しかし,東西ケルトの動きの最終的帰結ともいえる大陸の古代帝国――漢とローマ――が日本列島とブリテン島とに関わった程度と方向性は大きく異なり,そのことは,両地域がたどったその後の歴史の歩みの違いと,そこから来る相互の個性を作り出すに至る.大陸との間を隔てる海が狭かったがゆえにローマの支配にほぼ完全に呑み込まれたブリテン島では,文字や貨幣制度など,抽象的な記号を媒介とする知財や情報の交換システム――人類第三次の知識体系――に根ざした新しいヨーロッパ社会の一翼としてその後の歴史の歩みに入っていった.

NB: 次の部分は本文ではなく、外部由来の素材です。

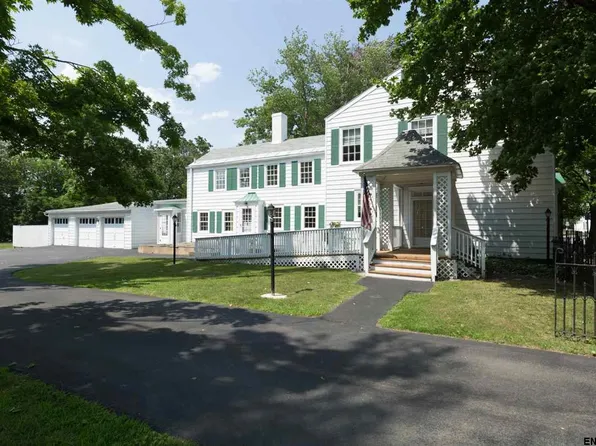 415 2nd Ave, Troy, NY 12182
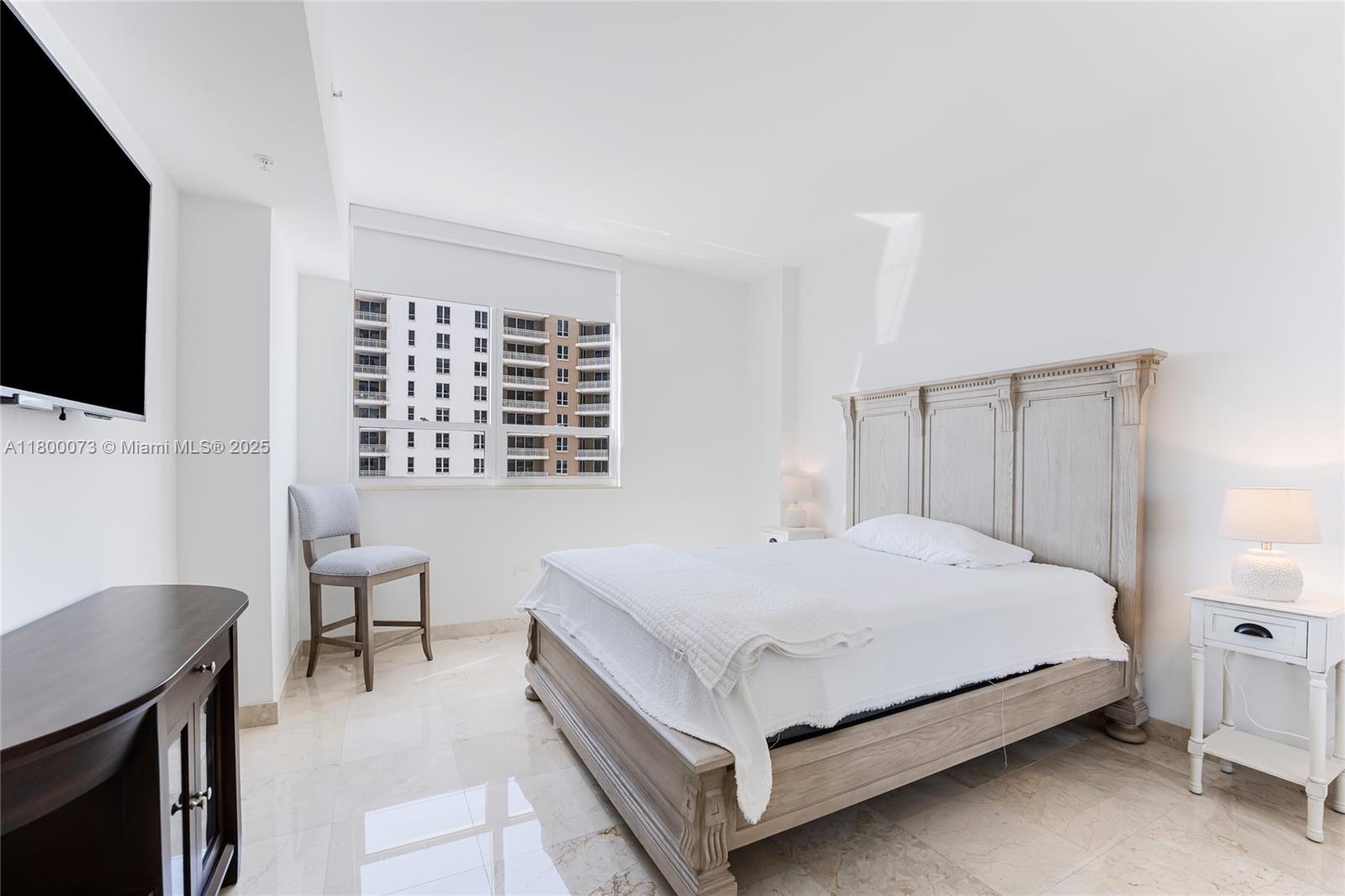COURTS BRICKELL KEY CONDO - Residential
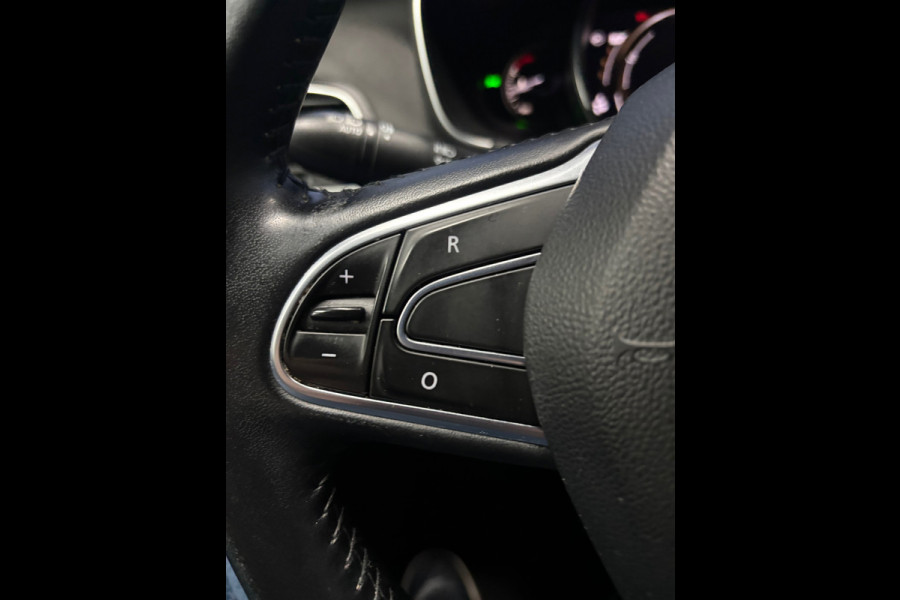 Renault Mégane Estate 1.3 TCe Limited Automaat | Clima | Cruise | Navi | PDC | Trekhaak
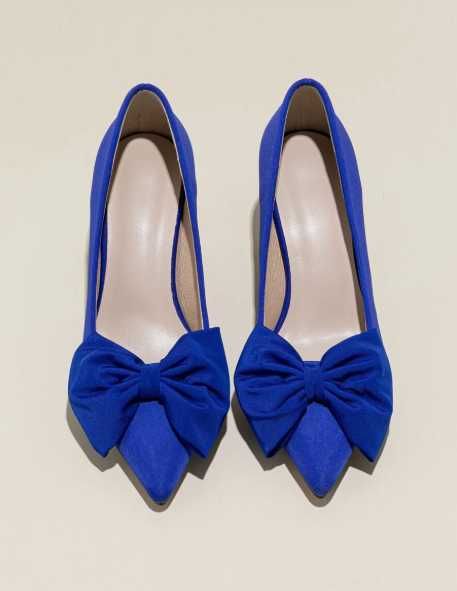 Нови обувки в кралско син цвят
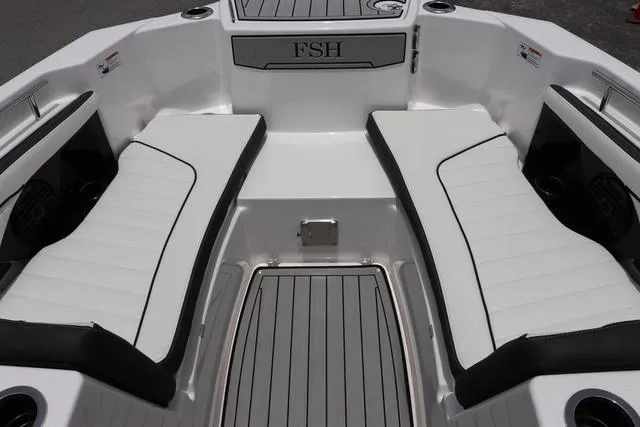 Slide: The Image of Yamaha 255 FSH SPORT H-YACHT BLU 2025 - 22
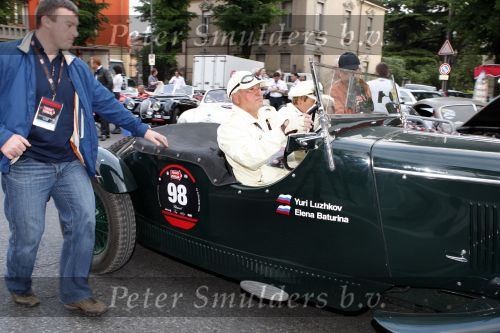 Brescia 15 mei 2008
Start van de Mille Miglia in Brescia. State of art rijdt met 2 porsches mee. 
Yuri Luzhkov de burgemeester van Moskou
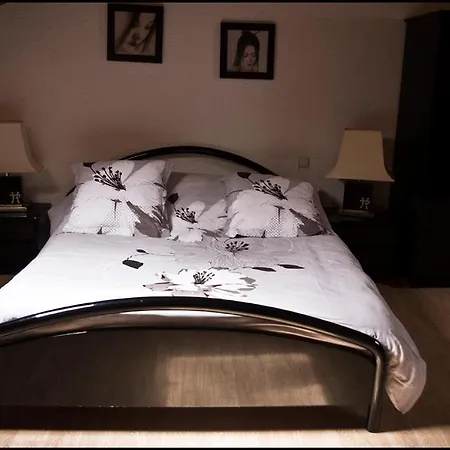 La Plaine Enchantee Couette-café 5*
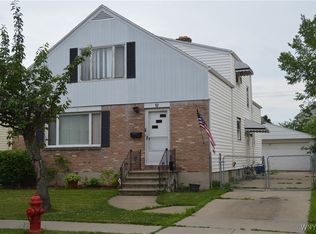 81 Elmhurst Pl, Buffalo, NY 14216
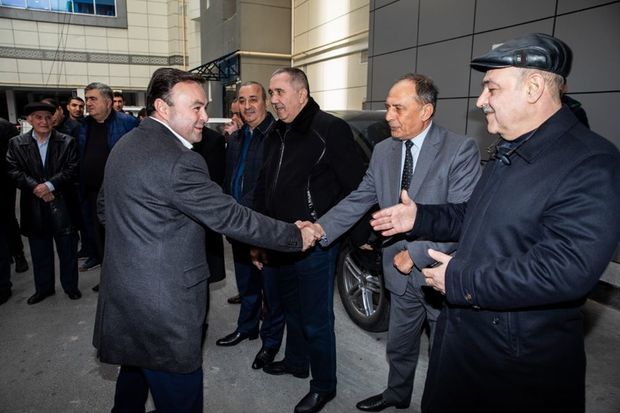 Elnur Allahverdiyev seçiciləri ilə görüşlərini davam etdirir - FOTO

これに対し,もっと広い海で大陸から隔てられていた日本列島は,漢の直接支配下に入ることなく,王族たちが独自の政権を作り,前方後円墳という固有の記念物を生み出し,独自のアイデンティティを固める期間がイギリスよりもはるかに長かった.私たち現代日本人は,このような感性や世界観を受け継いでいる.「縄文時代」「弥生時代」「古墳時代」と,同じ島国のイギリスの歴史ではほとんど用いられない一国史的な時代区分を守り,東のケルト史観たる騎馬民族説に反発する日本人の歴史学者や考古学者の観念もまた,そこに由来するのかもしれない.(237--39)
本書には,地政学的な指摘も多い.例えば,日英両島嶼地域と大陸との関係は,間に挟まる海峡の幅にも比例するという.ドーヴァー海峡の幅は34キロであり,人間でも頑張れば泳ぎ切れる距離だが,対馬海峡は約200キロもあり,さすがに泳いでは渡れない (233) .また,「東西のケルト」は,いずれもユーラシア中央部に近いところにルーツが想定されているという指摘も,ユーラシア大陸規模で歴史を考えさせる契機となり,意味深長である (224) .

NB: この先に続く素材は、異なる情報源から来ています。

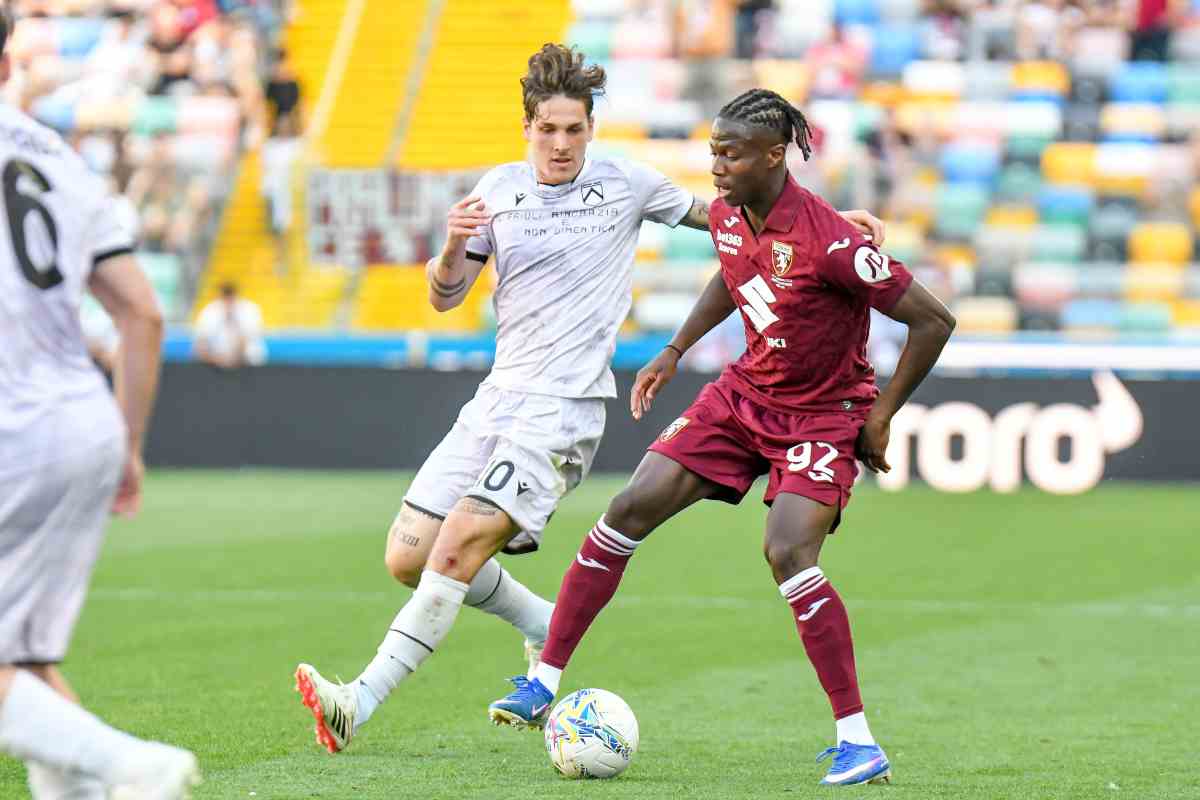 Zaniolo durante un'azione con l'Udinese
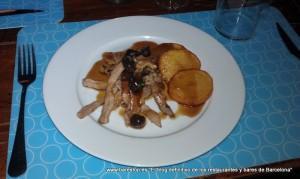 Limbo, romanticismo en Ciutat Vella Tiras de ternera con setas y patatas Limbo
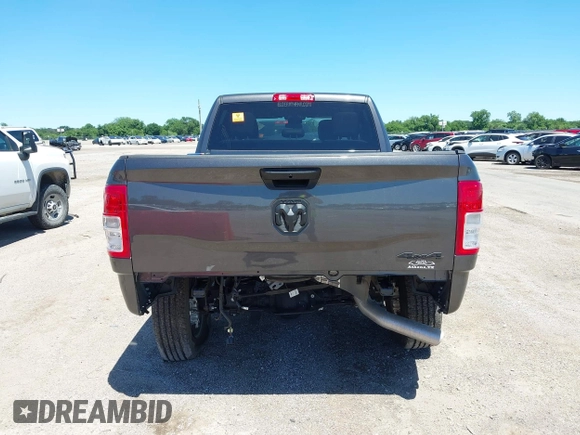 2024 Ram 2500 Tradesman with VIN 3C6UR5CL9RG330312, listed as a IAAI auction lot 42299968 with 657 mi miles and . Bid and sale history available at DreamBid. Image 17.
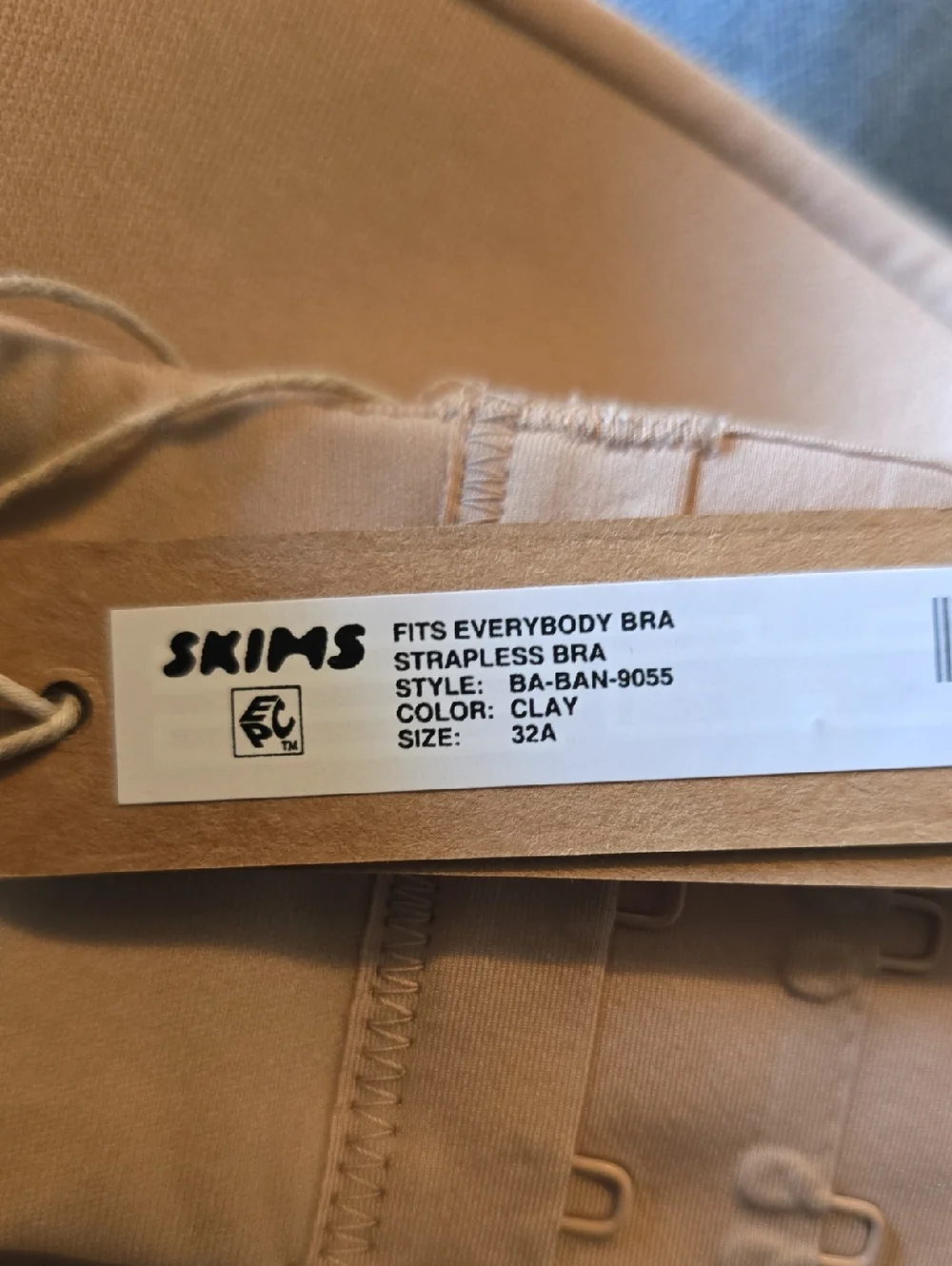 SKIMS Kim Kardashian Women's 32A Fits Everybody Strapless Bra New w/ Tags! - Picture 3 of 4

上の引用の最後にもあるように,紀元前後に,ブリテン島では帝国に取り込まれて固有のアイデンティティが育ち得なかったのという指摘もおもしろい.そのタイミングで育ち得なかったがゆえに,ずっと後の近代期に,国家的アイデンティティを作り出す手段として基層に広がるケルトが利用されたのではないかという考察も示唆に富む(231--32) .英国史および英語史に対して,1つの視点を与えてくれる本として読んだ.そして,もちろん日本(語)史に対しても.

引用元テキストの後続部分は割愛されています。